The more you learn what is “normal” the easier the transitions become. Blessings, Ladies
Thanks for sharing, As a soon to be wife AGAIN, I found this very helpful and fun to read!
As single mom of 7, and after a 17 marriage with a man who was fairly uninvolved in and unconcerned for the discipline, parenting, care and daily routine of the children, I have been the one to consider and meet the kids’ needs. When dad left for a “more peaceful” life and “less cantankerous” woman, there wasn’t much change, as he had been very passive for most of our parenting years.
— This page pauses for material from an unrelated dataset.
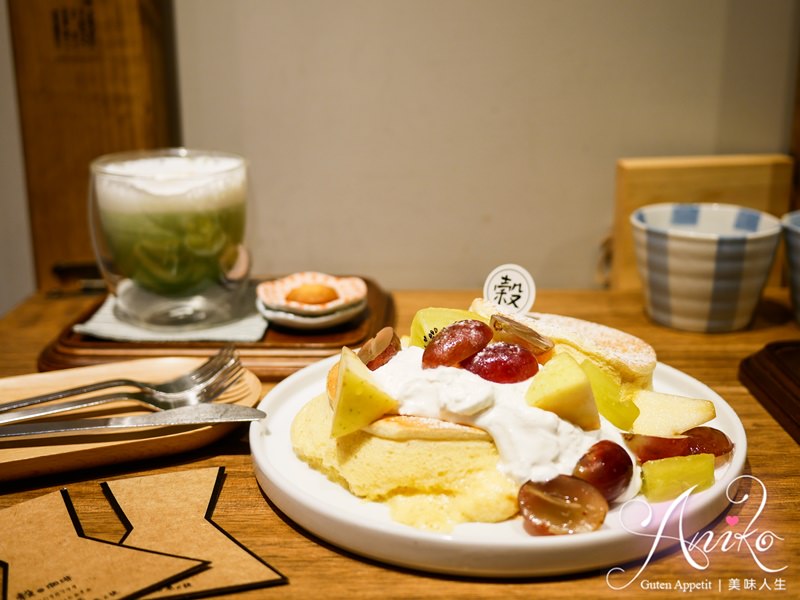 【台北美食】KoKu café 榖珈琲。療癒系甜點！彷彿雲朵般入口即化的膨厚舒芙蕾鬆餅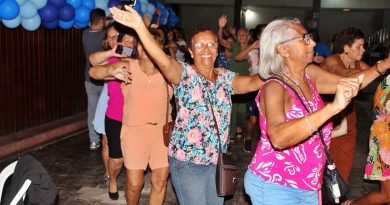 Sétima edição do Baile da Melhor Idade de 2026 reúne idosos em tarde dançante, em Volta Redonda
Now I am considering marrying a man who is a strong and decisive Godly man and leader, who is big on consistent biblical training, discipline and responsibility–and whom my kids adore–but It is at the front of my mind that I must demonstrate my obedience to God’s order by putting him first and trusting this man’s decisions in all family matters, which he makes easy because he truly does serve us and considers our needs and desires when evaluating family matters. I am just not used to doing this because after “single parenting” type parenting so long, even while married, with an unbelieving man who put himself first, and being the one to take up the abandoned leadership of a family, i am having to rewrite my thought patterns to develop that “unconcscious reaction” to him instead of them. It is encouraging to see other moms remarry as well, so thanks for the encouragement!!